Reputation: 1439
Let's say I have data of the records of two sports teams.
d = {'Team': [1, 2], 'Record': ['5-0', '3-2']}
df = pd.DataFrame(data=d)
df
Team Record
0 1 5-0
1 2 3-2
I want to split and append the record into new columns for each team like so:
d = {'Team': [1, 2], 'Record': ['5-0', '3-2'], 'Wins': [5, 3], 'Losses' : [0, 2]}
df = pd.DataFrame(data=d)
df
Team Record Wins Losses
0 1 5-0 5 0
1 2 3-2 3 2
The data in the Records column is an object, due to the hyphen.
(df.dtypes)
Team int64
Record object
dtype: object
How would I go about doing this? Would it be some sort of regex, and then a list comprehension to go through each row of the Record column? I would like to do this for around 400 teams in a dataframe.
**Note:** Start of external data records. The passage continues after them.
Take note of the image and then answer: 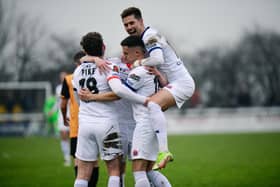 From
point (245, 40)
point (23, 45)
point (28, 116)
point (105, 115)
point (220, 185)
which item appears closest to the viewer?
point (105, 115)

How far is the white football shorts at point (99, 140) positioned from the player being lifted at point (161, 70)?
583 mm

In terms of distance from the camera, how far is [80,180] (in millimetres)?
8984

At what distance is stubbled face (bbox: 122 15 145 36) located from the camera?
923cm

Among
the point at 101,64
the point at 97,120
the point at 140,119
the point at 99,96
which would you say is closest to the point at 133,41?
the point at 101,64

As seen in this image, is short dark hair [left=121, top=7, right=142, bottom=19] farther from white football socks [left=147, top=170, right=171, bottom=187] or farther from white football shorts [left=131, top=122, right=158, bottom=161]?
white football socks [left=147, top=170, right=171, bottom=187]

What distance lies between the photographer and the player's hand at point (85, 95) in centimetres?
893

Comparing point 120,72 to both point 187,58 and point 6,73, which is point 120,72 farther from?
point 187,58

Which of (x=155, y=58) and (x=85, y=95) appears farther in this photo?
(x=85, y=95)

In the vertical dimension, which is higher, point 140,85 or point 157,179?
point 140,85

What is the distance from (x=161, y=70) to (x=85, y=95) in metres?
1.17

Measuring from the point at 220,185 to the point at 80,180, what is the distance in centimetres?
430

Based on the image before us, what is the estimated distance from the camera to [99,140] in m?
8.88

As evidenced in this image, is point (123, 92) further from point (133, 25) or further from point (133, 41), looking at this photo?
point (133, 25)

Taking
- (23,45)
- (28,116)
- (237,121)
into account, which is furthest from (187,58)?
(28,116) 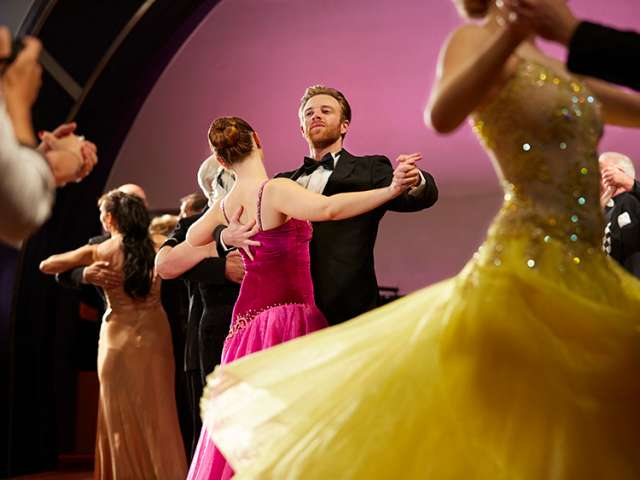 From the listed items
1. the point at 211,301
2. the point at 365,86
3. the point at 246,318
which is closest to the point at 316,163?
the point at 246,318

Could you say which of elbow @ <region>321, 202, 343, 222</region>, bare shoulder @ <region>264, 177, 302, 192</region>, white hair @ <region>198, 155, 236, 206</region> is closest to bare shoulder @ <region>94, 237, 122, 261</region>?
white hair @ <region>198, 155, 236, 206</region>

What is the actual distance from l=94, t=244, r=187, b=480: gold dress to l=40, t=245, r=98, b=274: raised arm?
0.24 metres

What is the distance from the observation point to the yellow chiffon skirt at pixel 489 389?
1641mm

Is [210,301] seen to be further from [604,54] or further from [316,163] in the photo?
[604,54]

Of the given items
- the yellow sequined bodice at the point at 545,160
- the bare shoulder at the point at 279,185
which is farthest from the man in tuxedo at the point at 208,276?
the yellow sequined bodice at the point at 545,160

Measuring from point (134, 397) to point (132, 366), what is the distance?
6.6 inches

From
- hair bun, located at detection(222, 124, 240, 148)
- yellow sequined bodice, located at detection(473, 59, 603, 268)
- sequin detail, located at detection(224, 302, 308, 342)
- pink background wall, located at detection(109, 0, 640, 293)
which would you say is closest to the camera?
yellow sequined bodice, located at detection(473, 59, 603, 268)

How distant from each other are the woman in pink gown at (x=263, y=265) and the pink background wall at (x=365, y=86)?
3.49 metres

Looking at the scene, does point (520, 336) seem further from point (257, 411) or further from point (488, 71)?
point (257, 411)

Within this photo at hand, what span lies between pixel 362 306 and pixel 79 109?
325 centimetres

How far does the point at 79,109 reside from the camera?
5.72 metres

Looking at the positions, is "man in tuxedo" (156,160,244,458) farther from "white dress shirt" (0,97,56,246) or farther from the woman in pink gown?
"white dress shirt" (0,97,56,246)

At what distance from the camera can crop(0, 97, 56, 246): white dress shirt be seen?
4.03 feet

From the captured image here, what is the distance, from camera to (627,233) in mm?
4141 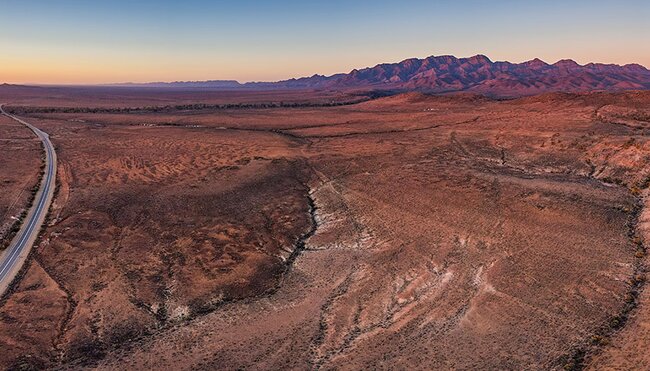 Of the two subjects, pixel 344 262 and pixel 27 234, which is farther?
pixel 27 234

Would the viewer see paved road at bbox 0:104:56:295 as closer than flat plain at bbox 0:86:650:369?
No

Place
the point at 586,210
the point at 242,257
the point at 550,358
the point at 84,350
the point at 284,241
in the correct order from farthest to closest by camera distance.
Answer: the point at 586,210, the point at 284,241, the point at 242,257, the point at 84,350, the point at 550,358

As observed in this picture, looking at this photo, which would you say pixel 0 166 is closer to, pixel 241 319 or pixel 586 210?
pixel 241 319

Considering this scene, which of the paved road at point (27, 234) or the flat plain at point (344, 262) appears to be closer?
the flat plain at point (344, 262)

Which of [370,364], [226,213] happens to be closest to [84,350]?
[370,364] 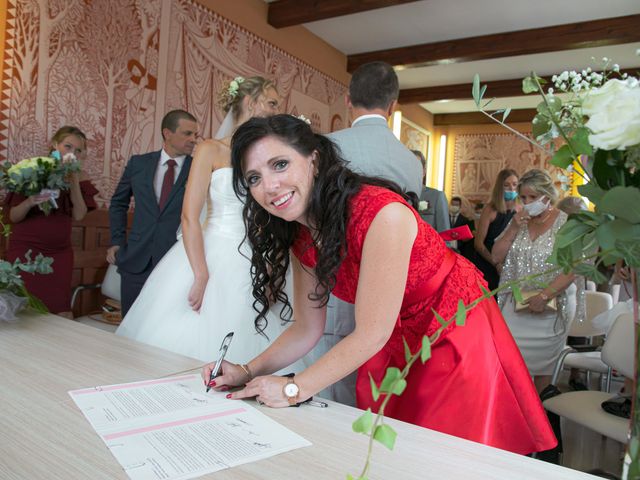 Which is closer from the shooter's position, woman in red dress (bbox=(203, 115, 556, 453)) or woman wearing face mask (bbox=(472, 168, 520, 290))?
woman in red dress (bbox=(203, 115, 556, 453))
Thanks in advance for the help.
Upvotes: 1
Views: 73
Reputation: 59549
If the data are well behaved enough you can use Series.str.extract
with named capture groups (Number)-(Number)
. Then concat back.
pd.concat([df, df['Record'].str.extract(r'(?P<Wins>\d)-(?P<Losses>\d)')], axis=1)
# Team Record Wins Losses
#0 1 5-0 5 0
#1 2 3-2 3 2
Upvotes: 1
Reputation: 28699
use pandas string methods, specifically, str split and str get, and assign the extracts to new columns :
df = (df
.assign(Wins= df.Record.str.split('-').str.get(0),
Losses = df.Record.str.split('-').str.get(-1)
)
)
df
Team Record Wins Losses
0 1 5-0 5 0
1 2 3-2 3 2
Upvotes: 1